Broiling is a cooking technique that uses high temperatures to cook food quickly. Tender cuts of beef, fish, poultry and pork all benefit from this preparation. Essentially upside-down grills, broilers cook food from the top down and are located inside your oven. Unlike using a grill, however, broilers allow food to retain all the delicious juices in the pot. The next time you want to quickly cook a cut of meat that has lots of flavor, give the broiler a try.
Turn your oven to its broiler setting. Allow it to heat up to the appropriate temperature — many ovens will alert you when they are ready.
Prepare your broiling item. Fish, chicken, beef and pork typically benefit from a light drizzle of olive oil and a sprinkling of salt and pepper. Vegetables, such as tomatoes and peppers, often broil well and taste great with the same preparation.
Place the item in a cast-iron or heavy-duty steel skillet. These types of materials work best, as they are non-stick and can handle the hot temperatures of the broiler.
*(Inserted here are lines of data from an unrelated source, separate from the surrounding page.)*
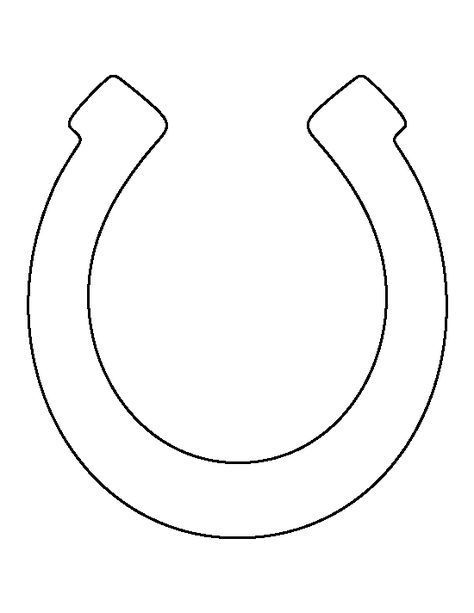 Horseshoe Tattoo 246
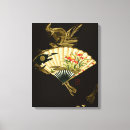 Recherche de conceptions impressions sur toile Asiatique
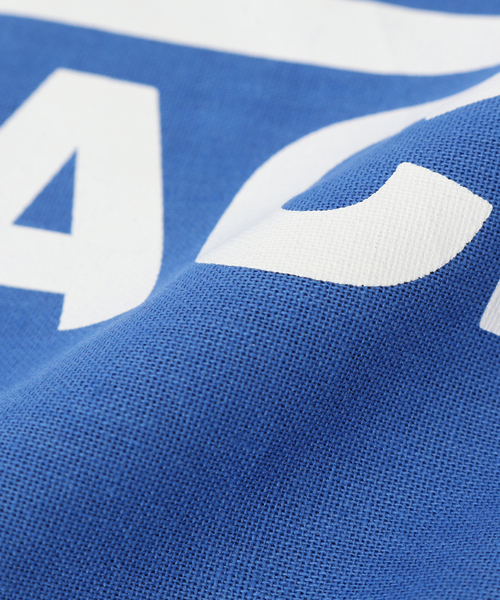 IENA（イエナ）の「MOLLIERE BEACH CLUB/モリエール・ビーチ・クラブ SAC MOLLIERE バッグ IL250805（トートバッグ・レディース・ブルー系その他・FREE）」の7枚目の写真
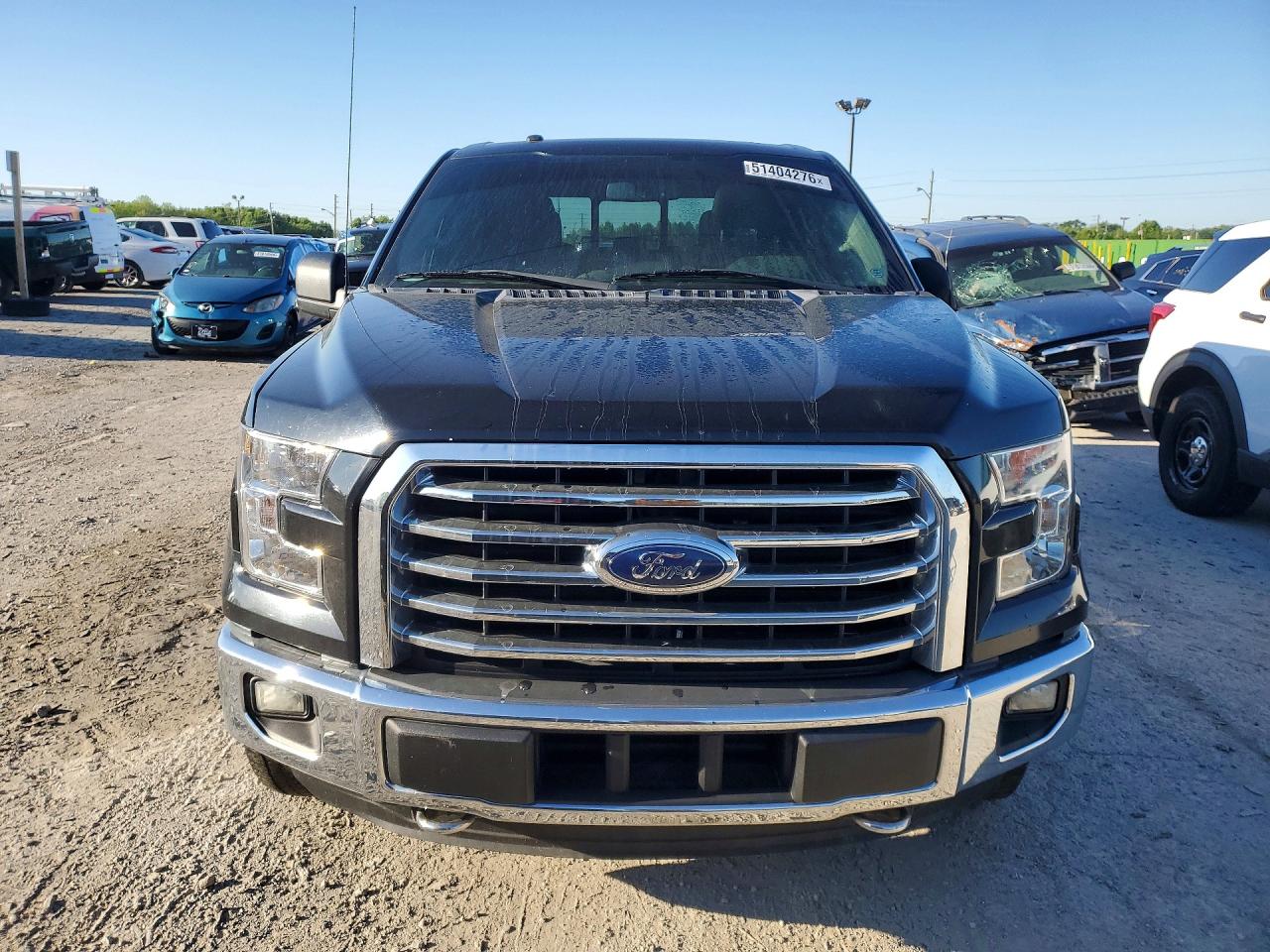 2016 FORD F150 SUPERCREW photo 5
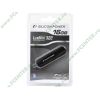 Накопитель USB flash 16ГБ Silicon Power "LuxMini 322" SP016GBUF2322V1K, черный (USB2.0) 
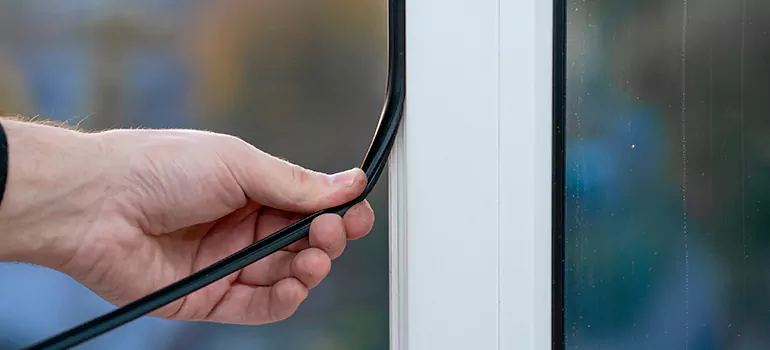Custom Door Seal Repair in Santa Clara, CA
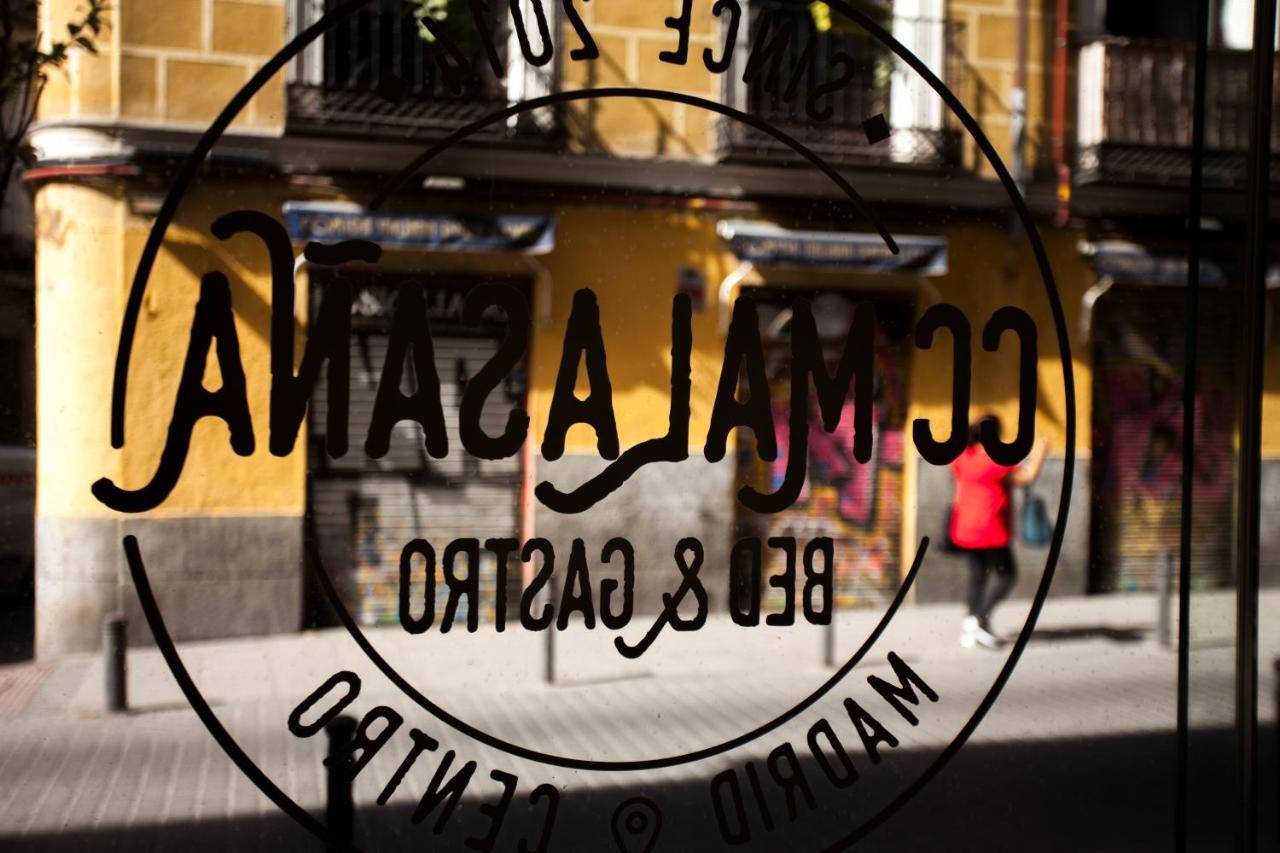 Pensión Cc Malasaña Madrid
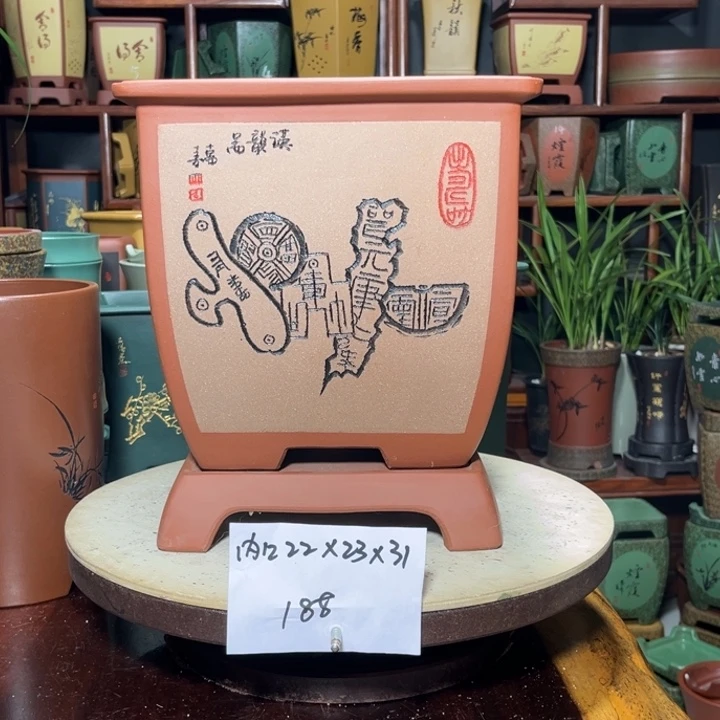 关注陶霸廊精品紫砂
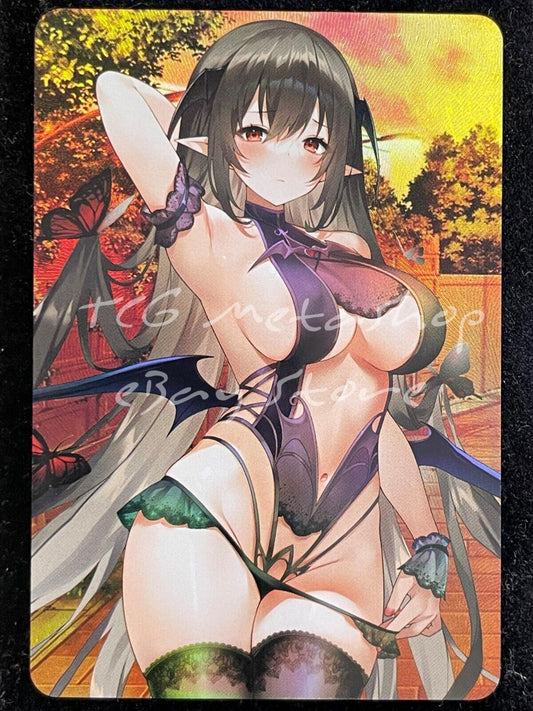 🔥 Sexy Girl Goddess Story Anime Card ACG # 1734 🔥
Use your potholders to pull the pan out of the oven, as they do not have handle shields as some other pans do.
Position the rack so that the top of the pan is 2 or 3 inches away from the broiler's heating element. You may have to play around a bit with the positioning, depending on your oven and how hot the element gets.
Pull the pan out of the oven when your item is finished cooking. Take the temperature of the meat with a meat thermometer to know if it is done. Steak should reach a minimum internal temperature of 120 degrees Fahrenheit, pork should reach 160 degrees and chicken and turkey are done between 165 and 175 degrees. Allow steak and pork to rest for 5 or 10 minutes before you slice into them, to keep their juices inside.